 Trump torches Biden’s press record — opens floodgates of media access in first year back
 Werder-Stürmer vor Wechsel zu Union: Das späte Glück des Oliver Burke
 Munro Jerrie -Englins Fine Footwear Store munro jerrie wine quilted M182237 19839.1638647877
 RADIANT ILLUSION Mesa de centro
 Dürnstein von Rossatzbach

**********

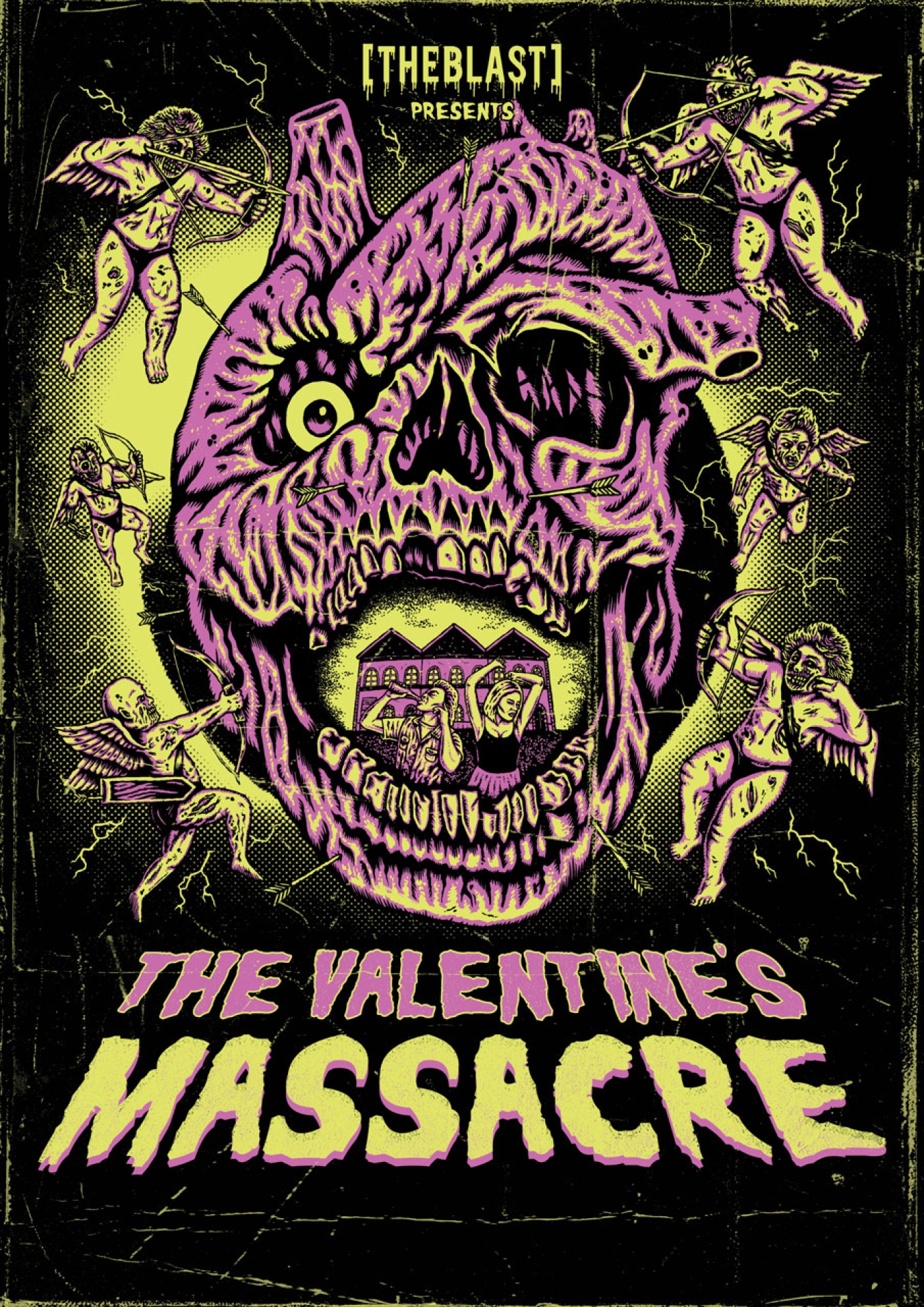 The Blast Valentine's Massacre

**********

## Work instruction
In the listing above, find the line containing "Munro Jerrie -Englins" and the line containing "Dürnstein von Rossatzbach", then quote both, plus every line between them, exactly as written.

## Output below
 Munro Jerrie -Englins Fine Footwear Store munro jerrie wine quilted M182237 19839.1638647877
 RADIANT ILLUSION Mesa de centro
 Dürnstein von Rossatzbach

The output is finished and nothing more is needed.